China’s economic slowdown

China’s economy has grown at 6.9% in 2015 against the target of 7%. The growth rate was lower than the 7.3% and 7.7% growth rates in 2014 and 2013 respectively. This year, China’s economy is expected to grow at 6.5%. The growth data has created panic among investors and China’s stock markets were crashed in first week of January due to drastic sell-offs by investors.

China has been the world’s fastest growing economy in the last three decades with double-digit growth rates each year. But since last few years, China’s economy has been under stress and it is experiencing contraction and instability. China’s instability is threatening to push the world economy into another prolonged recession. Particularly, the emerging nations are at the receiving end.

Why is China’s economy slowing?

The main reason behind the China’s slowdown is the Communist Party’s decision to diversify the economy from public sector infrastructure and manufacturing to consumption, and from cheap exports to developing large domestic market. The efforts of China’s scholars have been directed to change the working style of the county’s financial system and to make it more closely aligned to the way Western banks and economies function.

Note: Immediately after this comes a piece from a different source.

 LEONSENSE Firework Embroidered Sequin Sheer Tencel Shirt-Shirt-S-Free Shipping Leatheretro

The government has also focussed on reforming the financial system by cracking down on corruption, prosecution of some high level officials, and many at lower level officials. This has created fear among investors and resulted in capital flight from markets. Since last year, whenever there is a stock market crash, the government instead of letting the markets to take their own course, it had intervened to prop up the market. Each intervention was only manages to be a temporary fix.

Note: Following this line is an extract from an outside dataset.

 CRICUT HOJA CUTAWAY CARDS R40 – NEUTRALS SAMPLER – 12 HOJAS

The main issues before China are:

Excessive debt

Every sector of China’s economy is suffering from excessive debt. Many large companies in China were dependent heavily on government subsidies. State-run Chinese banks provided credit to companies at artificially lower interest rates fuelling excessive debts across all sectors of economy. Many large scale developmental projects, which are funded by subsidized loans, are suffering from low profitability and weak capital productivity. The credit was given through a system called “shadow banking”, where credit products are sold directly to individuals. Public sector debthas grown to huge proportions especially at the local and regional level. The excessive debts are not allowing the banks to lend more to consumers and thus effecting the domestic consumption. The debt problem was further aggravated by the property bubble in 2014.

Demographic issues

China’s one-child policy worked well for it in the past to grow rapidly. Between 1980 and 2010, the effect of a favourable population age structure accounted for between 15% and 25% of per capita GDP growth. But now the demographic dividend was over. China’s population is expected to stabilise by 2030. It means there will be low workforce addition in the future.  The population above 60 is also expected to double form present 180 million by 2030.The immediate economic consequence is that savings rate will decline as old-age burden increases.

Currency devaluation

China’s current economic turbulence started with the decision of authorities to devalue renminbi in August 8, 2015. China insisted that its currency devaluation was only aimed at aligning the currency’s value with the market demand. But it was alleged that China trying to take a larger share of export markets on the back of an undervalued exchange rate. The challenge before China in 2016 is to maintain reasonable yuan exchange rate stability under strong devaluation pressure. But given the China’s vast trade and financial linkages with the world economy, it is most challenging to manage the gradual yuan depreciation.

Environmental woes

For more than one decade China had grown at the cost of its environment. Now China has been facing the worst environmental crisis, which is threatening to undermine its economic growth.

In the coming years also, China may experience financial instability and low growth. If China wants to become a market economy, then it must learn to accept the market volatility that comes with any open market economy.

Effect of China’s slowdown on world economy and India

For decades, China’s economy had little interaction with the outside world and any changes in China’s economy had only a marginal impact on world economy. But today, its influence is everywhere. Given its sheer size and role on the global stage, any instability in China will create risk for the world economy. The impact will be more on countries that have grater trade ties with China. The biggest concern is for Asian countries, Australia, Brazil, Canada, Chile and Peru as they depend on demand from China for vital commodities for industry. In case of manufacturing, Singapore, South Korea, Malaysia, Hong Kong and Taiwan are most exposed.

Currently, lower international commodity prices, especially of oil, are helping Indian economy as India is a net importer. But India faces threat from its large and increasing trade deficit with China. China accounts for approximately one-tenth of India’s merchandise trade, and most of it comes from imports of goods by India. Given the size of imports, any sudden depreciation of yuan would impact the Indian trade negatively. Indian exports to China are less diverse and low size. Low demand from China will reduce Indian exports but the reduction is to such an extent that India may not be able to take advantage of the yuan devaluation to earn more dollars. India will also affected by China’s slowdown through third parties. When developing countries suffer from low exports due to less demand from China, their income will go down and they may reduce their imports from India as well. Thus, India must recognise the global economic scenario from China’s slowdown and take steps to increase domestic growth. At the same time, India should also explore the opportunities from Chinese slowdown.